データ共有・連携がもたらす社会変革に向け、日本企業はいかに取り組むべきか(後編)~日本が壁を乗り越え、データ流通を促進するためにすべきこと~

イノベーション、テクノロジー

2023年7月26日

東京大学大学院 教授の越塚登氏へのインタビューの後編。前半では、社会や産業においてデータの共有・連携が求められる背景や、欧米中の状況とデータ覇権をめぐる動きなどを中心に紹介した。
後編では、データ共有・連携基盤の構築を阻む壁を乗り越え、データ流通を促進するための処方箋や、日本の製造業の今後の取り組み課題などについて聞いた内容を紹介する。

東京大学大学院 情報学環 教授 越塚 登氏

日本のデータ共有・連携基盤の課題は、投資の仕組みとビジネスモデル

福本:
データ共有・連携基盤の構築に向けて、多くの課題が挙げられています。

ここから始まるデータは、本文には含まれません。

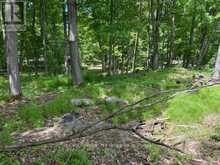 325 CEDAR SANDS ROAD | Leeds and the Thousand Islands Ontario | Slide Image Seventeen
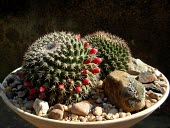 Potted Mammillaria bocensis  with fruits Fruits or berries,Photosynthetic,Magnoliopsida,Terrestrial,Tracheophyta,Caryophyllales,Plantae,Scrub,Tropical,South America,Mammillaria,Sub-tropical,Vulnerable,Cactaceae,IUCN Red List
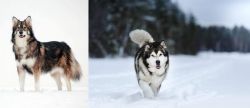 Utonagan vs Siberian Husky - Breed Comparison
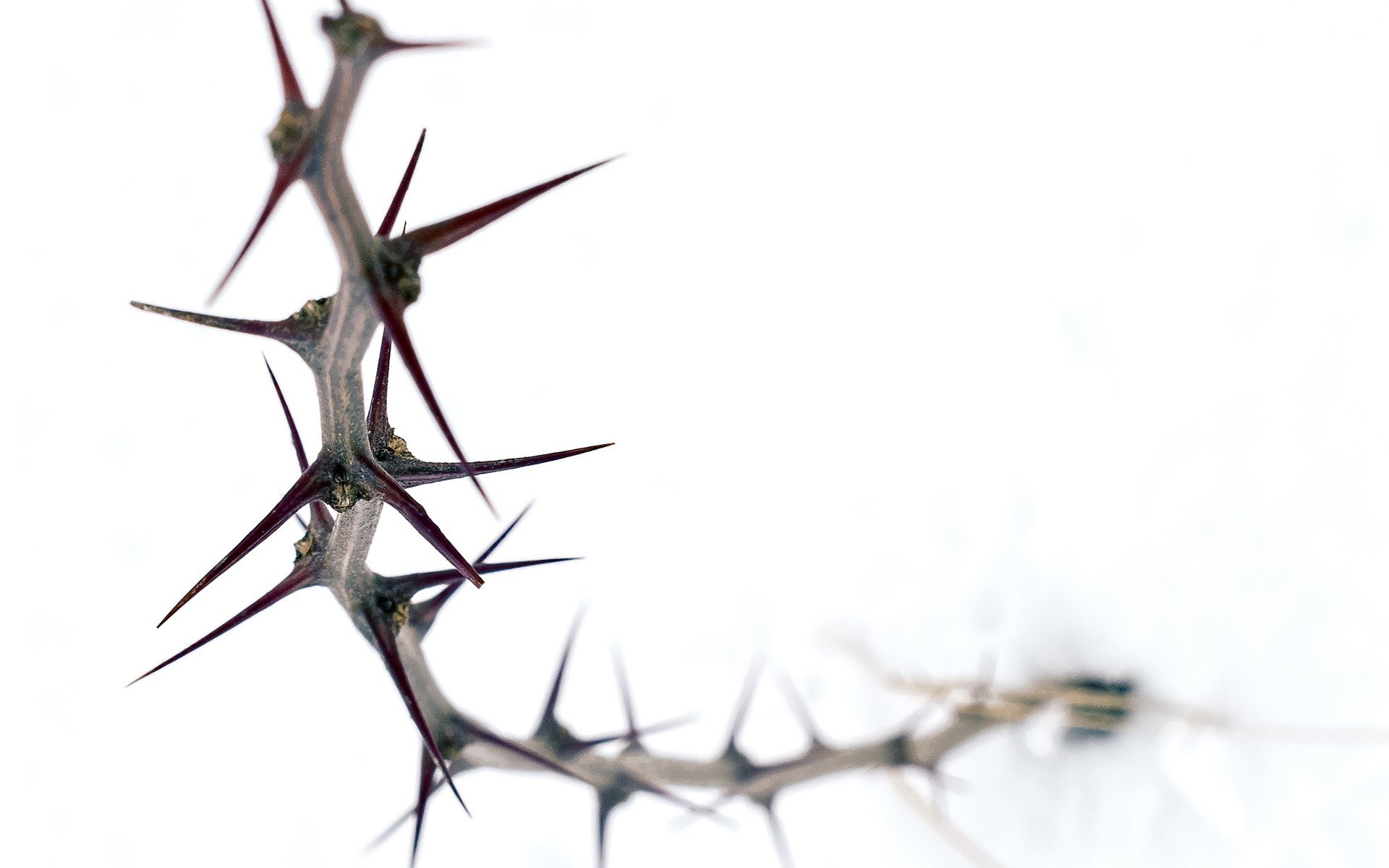 thorny branch against white background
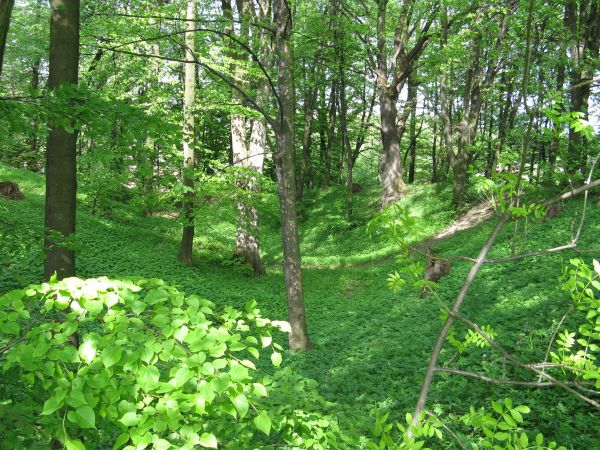 wały, fosy - kasztelan przemyski Mikołaj Herbut Odnowski, późniejszy wojewoda krakowski - w 1529 roku wzniósł pałac, później złupiony - zniszczony przez  wojska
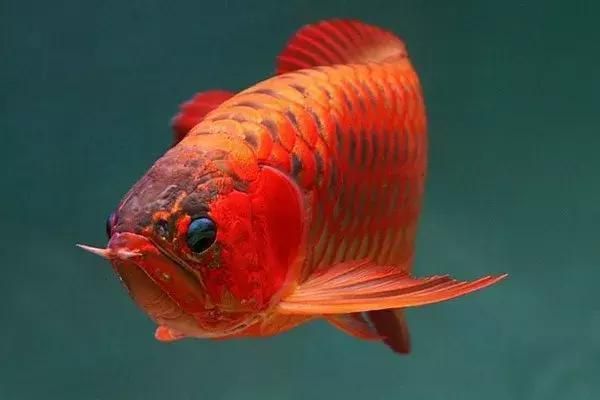 龍魚吃飼料容易兜嘴嗎vs祥龍魚場：龍魚吃飼料會導致兜嘴嗎？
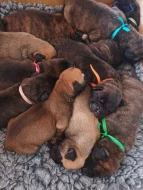 Bulmastif bullmastif bullmastiff bulmastiv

データ共有のためには、オープン性・透明性・インターオペラビリティや、プライバシー・セキュリティなどが求められ、また、AIでよく言われるデータ品質の確保や、利便性の配慮なども課題とされています。どのような課題が重要だとお考えでしょうか。

越塚:
細かい課題はたくさんありますが、それらは何とかなることだと考えています。最も根本的な問題は投資の仕組みとビジネスモデルだと思っています。

データの時代と言っても、明日からみんながデータを使うようになるわけでなく、明日のデータ利用の増え方は「今日×1.001」ぐらいの小さなもので、それが毎日続いていきます。そうすると、いくらデータの時代だから「投資してください」と訴えても、「儲からないでしょう」とか「一体何にデータを使うのですか」と言われます。データの利用は明日突然に増えるわけではないけれども、資金は今必要なので、このギャップを誰が埋めるのかが課題になるのです。閉じた業界ならば多くの少額投資によって埋められますが、業界を超えた大きなものに投資する仕組みは、まだ日本にはありません。

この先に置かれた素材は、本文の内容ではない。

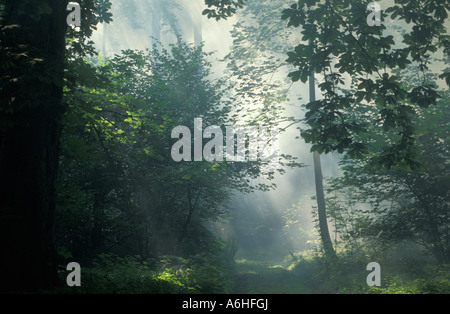 Fasci di luce del sole proveniente attraverso gli alberi Foto Stock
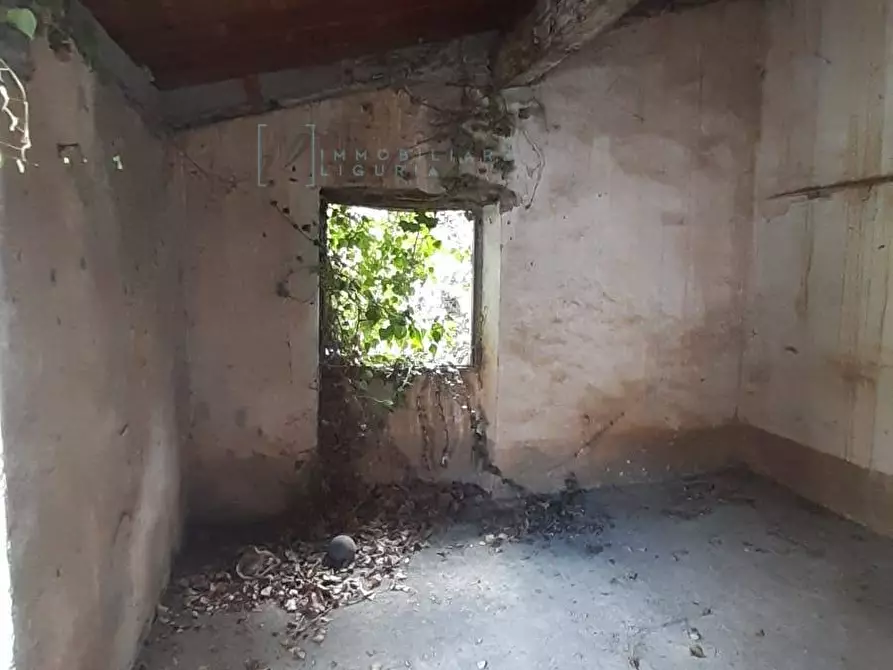 Immagine 21 di Rustico / casale in vendita  in Via Lucifredi a Borghetto D'arroscia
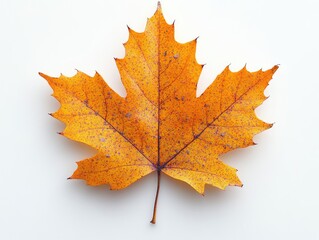 Obraz premium Single autumn maple leaf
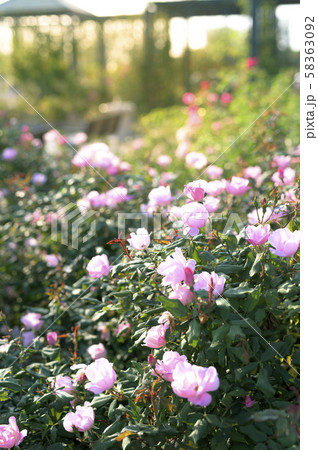 バラ園（イメージカット） 58363092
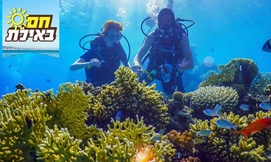 קורס צלילה סקובה, Ahla Diving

それは政府でも同様で、業界よりもテリトリーが大きくても、複数の省庁が連携して同じインフラをつくることは滅多にありませんので、そこを超えた枠組みで日本が攻められると対応できるところがないのです。それで欧州はGAIA-Xの仕組みを構築して攻めてきているわけです。海外勢も日本の省庁が縦割りになっている弱点をよく理解しています。

福本:
今の話は、まさに日本の産業界における、データ共有や連携の「壁」そのものだと思います。企業間や業界横断の連携も、連携する仕組みというよりも、それ以前の問題のような気がします。

越塚:
日本には日本流のやり方があって、業界の枠組みや省庁の枠組みが強いというのは悪いことばかりではありません。業界の中に閉じている話であれば、仲間内では上手くやれるわけです。日本全体のデータインフラの中で、業界が分担する部分を厚くし、それを繋ぐところはなるべく薄くしたほうが良いと考えています。DATA-EXが担う部分は、巨大な中央集権型プラットフォームにするのではなくて、各分野ごとの太いシステムを官民が連携して薄く繋ぐことを考えています。


日本でデータ流通の壁を乗り越えるためには、データの取引所とマーケットが必要に

福本:
欧米は、日本と比べてデータ流通も含めてオープン思考だと思います。日本はクローズで、企業間でデータを連携しようという動きが鈍いようです。カーボンニュートラルやサーキュラーエコノミーなどのサステナビリティ領域においては、それほど隠さなければいけないデータが多いように思えませんが、その領域でも日本はクローズですね。

越塚:
DXでも同じ傾向があると感じますね。この背景には、欧米では階級社会的な傾向があるのに対し、日本は比較的フラットな社会であることが関係していると思っています。欧米のDXが上手くいく理由は、支配するオペレーション層と、言われた通りに働くワーキング層が分かれている、管理システムが作りやすいからです。データを使うことは管理することと上手く結びついており、データを使って何かすることに、欧米の社会はマッチしているのだと推測しています。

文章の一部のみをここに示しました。